I have data set (filename 'data') like this:

a 10.1
b 10.1
c 10.2
b 15.56
a 3.20

and I would like to plot this data as points. When I try:

plot 'data' using 2:xticlabels(1)

I get plot with 5 x-axis values a,b,c,b,a but I wish to get only 3 (a,b,c (the order is not important)) on plot with all 5 y values. Is it possible?

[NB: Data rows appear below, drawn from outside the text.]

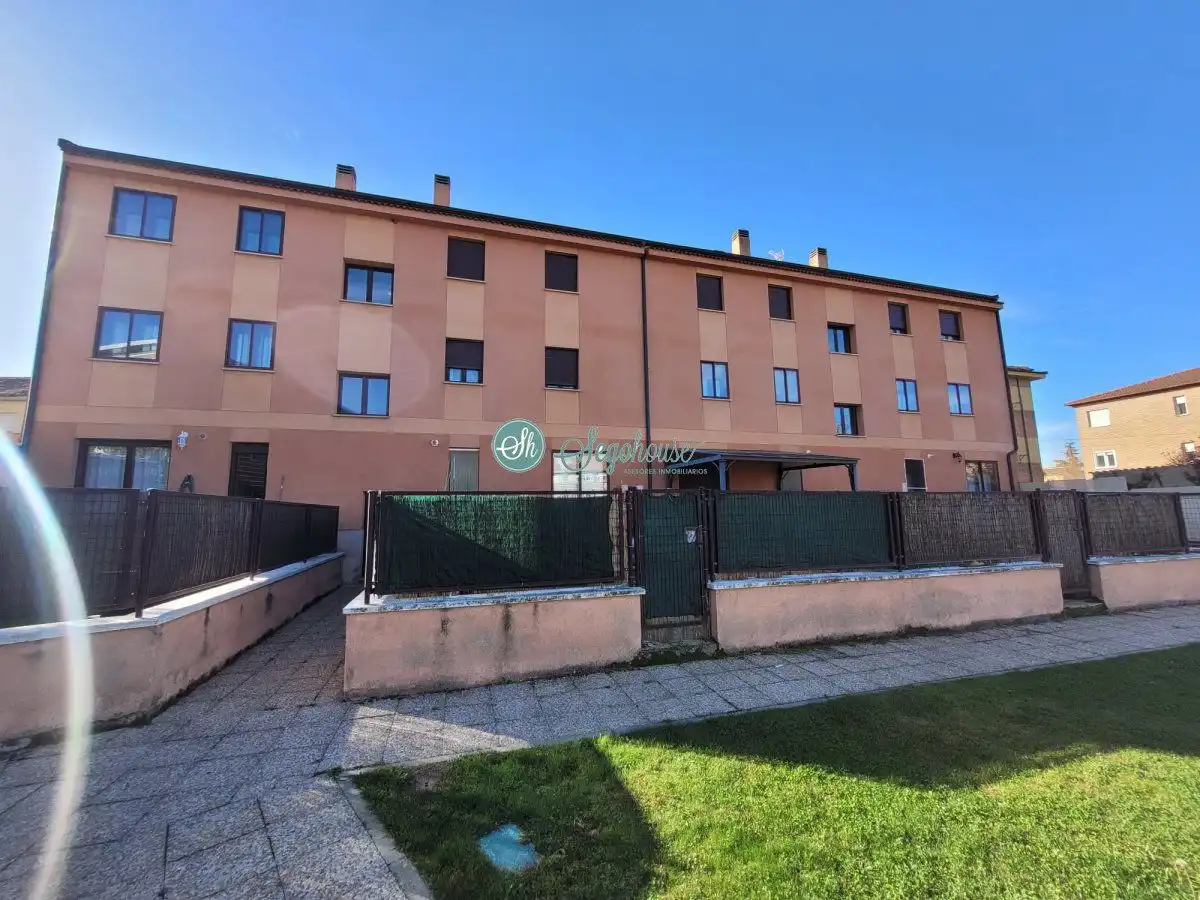 Exterior view of Flat for sale in Palazuelos de Eresma  with Heating, Storage room and Community pool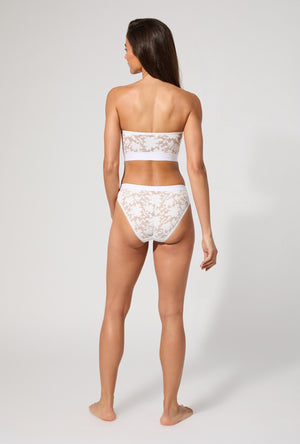 A lady wearing White Stretch Lace Bandeau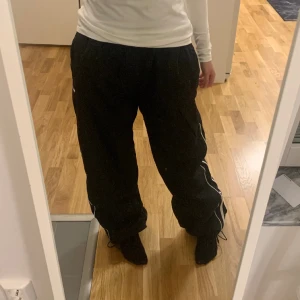 Nike trackpants - Coola nike trackpants med resår som  man kan justera för att få dem och passa 💗 jag är 161 cm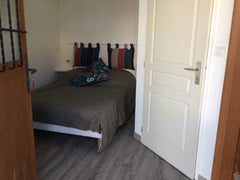 Jolie chambre dans un jardin avec accès entièrement indépendant.  Cette chambre  Cenon, France Petite chambre indépendante sur jardin Private room in home vacation rental 24133934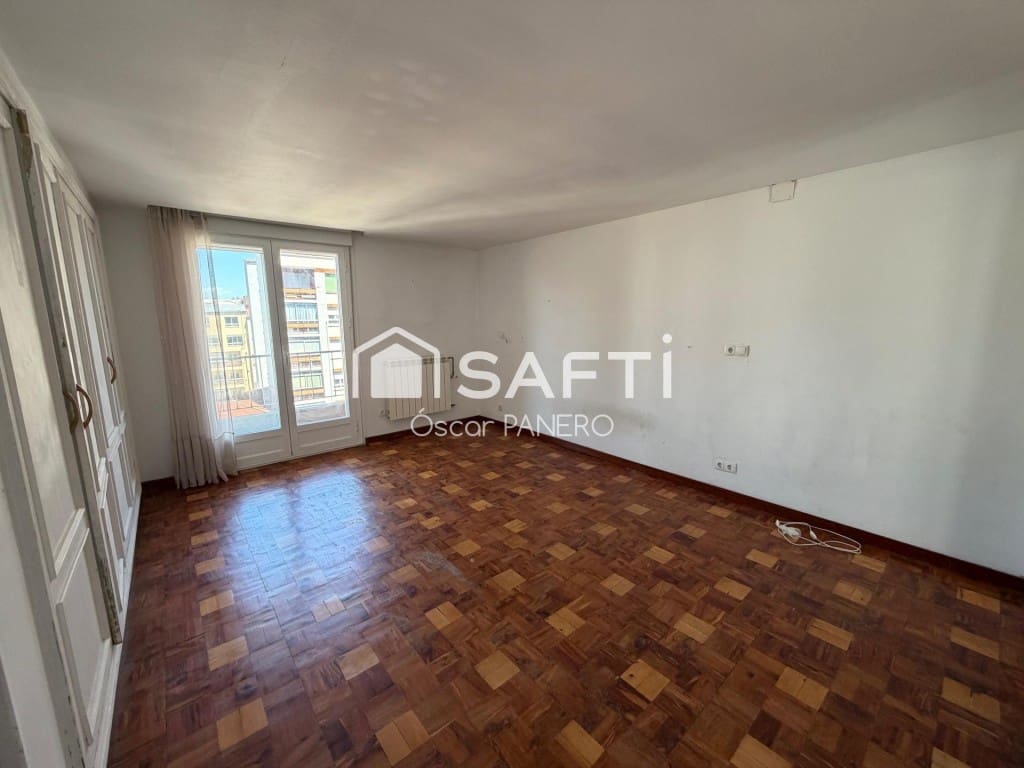 7 bedroom Apartment for sale in Leon city - € 390,000 (Ref: 9865061)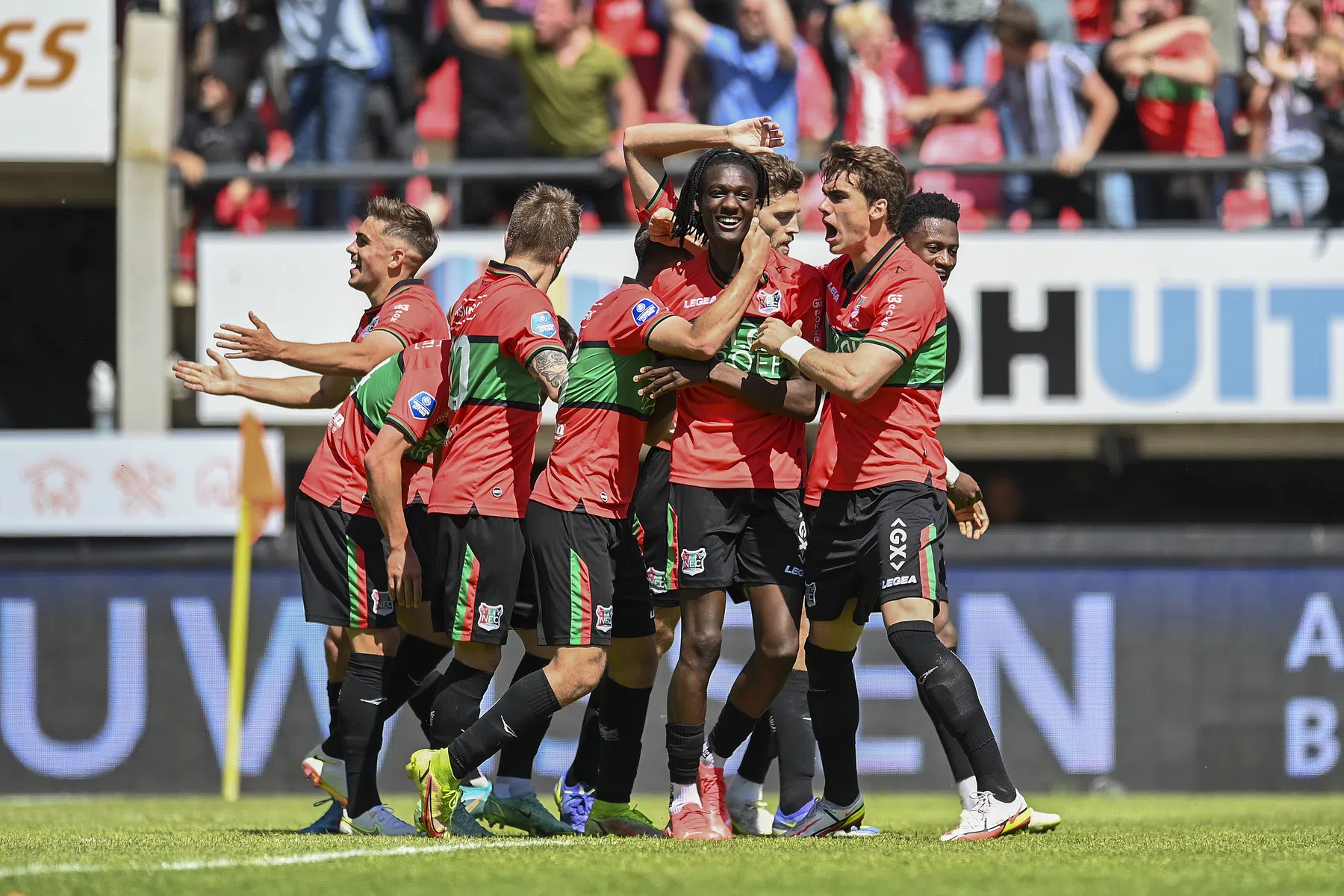 Jeugdspeler zorgt voor vreugde-explosie en laat NEC dromen van play-offs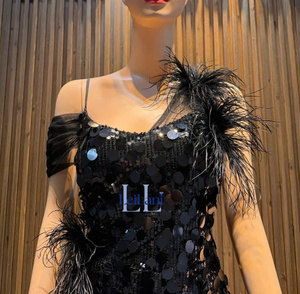 Vestido de Fiesta Elegante para Mujer, con Tirantes Asimétricos, Corte Ajustado y Evase, Tela con Lentejuelas y Adorno de Plumas - Product Image 2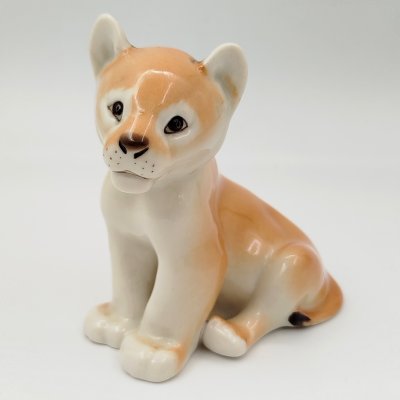 купить Статуэтка "Львёнок", скульптор Б.Я. Воробьев, фарфор, роспись, Ленинградский фарфоровый завод (ЛФЗ), СССР, 1970-1980 гг.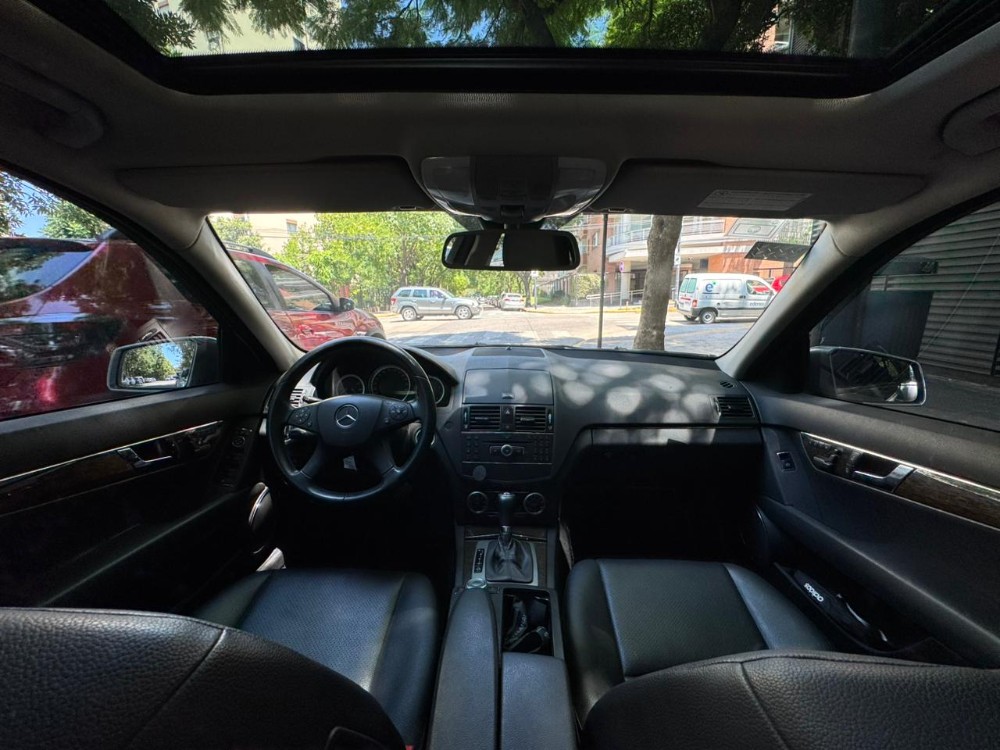 Mercedes-Benz C-Class Elegance — foto 2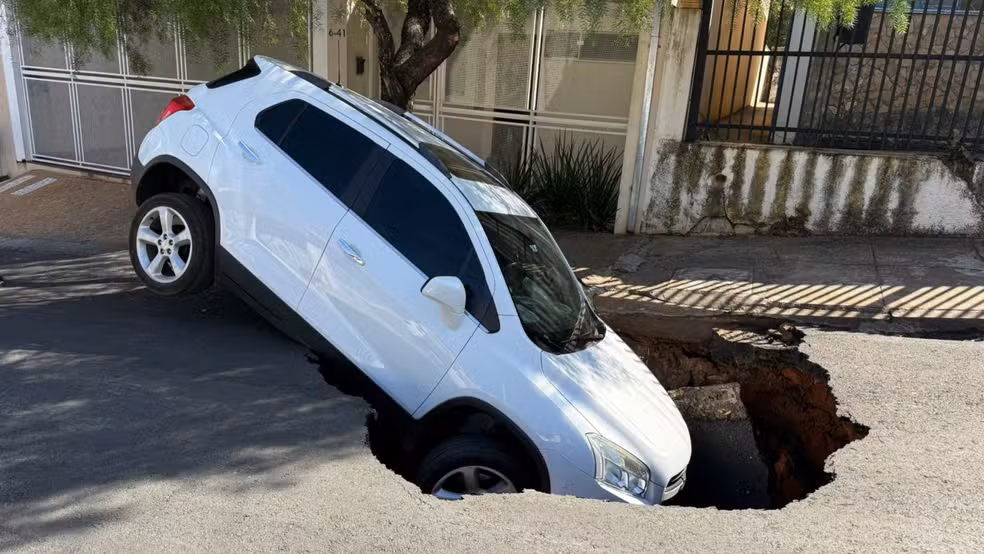 Carro cai em buraco após asfalto ceder em Bauru – SP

My real data file looks like this:

2-8-16-17-18   962.623408
2-3-4-5-6      -97.527840
2-8-9-10-11    962.623408
2-8-9-10-11    937.101308
2-3-4-5-6       37.101308

and has about thousand records.


I don't know how to use mgilson's code, but he give me an idea. I add to data file additional column (index):

1 a 10.1 
2 b 10.1 
3 c 10.2 
2 b 15.56 
1 a 3.20

after which ploting in gnuplot is easy:

plot 'data' u 1:3 

I use perl, so my script lookls like this:

#!/usr/bin/perl 
$index_number = 0; 
while (<>) 
{ 
   $line = $_;
   @columns = split(" ",$line);
   $col1 = $columns[0];
   $col2 = $columns[1];
   if( not exists $non_numeric{$col1} )
   {
      $index_number++;
      $non_numeric{$col1} = $index_number;
   }
   print "".$non_numeric{$col1}."\t".$col1."\t".$col2."\n"; 
}

Solution

  • I doubt that you can come up with a gnuplot only solution. However, this should work as long as you have python2.5 or newer installed on your system. (It works with your test data).

    import sys
    import collections
    
    data = collections.defaultdict(list)
    keys = []
    
    # build a mapping which maps values to xticlabels (hereafter "keys")
    # Keep a second keys list so we can figure out the order we put things into
    # the mapping (dict)
    with open(sys.argv[1]) as f:
        for line in f:
            key,value = line.split()
            data[key.strip()].append( value )
            keys.append(key.strip())
    
    def unique(seq):
        """
        Simple function to make a sequence unique while preserving order.
        Returns a list
        """
        seen = set()
        seen_add = seen.add
        return [ x for x in seq if x not in seen and not seen_add(x) ]
    
    keys = unique(keys) #make keys unique
    
    #write the keys alongside 1 element from the corresponding list.
    for k in keys:
        sys.stdout.write( '%s %s\n' % (k, data[k].pop()) )
    
    # Two blank lines tells gnuplot the following is another dataset
    sys.stdout.write('\n\n')
    
    # Write the remaining data lists in order assigning x-values
    # for each list (starting at 0 and incrementing every time we get
    # a new key)
    for i,k in enumerate(keys):
        v = data[k]
        for item in v:
           sys.stdout.write( '%d %s\n' % (i, item) )
    

    Now the script to plot this:

    set style line 1 lt 1 pt 1
    plot '<python pythonscript.py data' i 0 u 2:xticlabels(1) ls 1,\
         '' i 1 u 1:2 ls 1 notitle
    

    Here's how this works. When you do something like plot ... u 2:xticlabels(1), gnuplot implicitly assigns sequential integer x-values to the data points (starting at 0). The python script re-arranges the data to make use of this fact. Basically, I create a mapping which maps the "keys" in the first column to a list of elements that correspond to that key. In other words, in your dummy datafile, the key 'a' maps to the list of values [10.1, 3.2]. However, python dictionaries (mappings) aren't ordered. So I keep a second list which maintains the order (so that you axes are labelled as 'a', 'b', 'c' instead of 'c','a','b' for instance). I make sure that the axes list is unique so that I can use it to print the necessary data. I write the data in 2 passes. The first pass prints only one value from each list along with the mapping "key". The second pass prints the rest of the values along with the x-value that gnuplot will implicitly assign to them. Between the two datasets, I insert 2 blank lines so that gnuplot can sort out the difference using the index keyword (here abbreviated to i). Now we just need to plot the two datasets accordingly. First we set a linestyle so that both passes will have the same style when plotted. Then we plot index 0 (the first dataset) with the xticlabels and index 1 using the x-value,y-value pairs the python script calculated (u 1:2). Sorry the explanation is long (and that the original version was slightly buggy). Good luck and happy gnuplotting!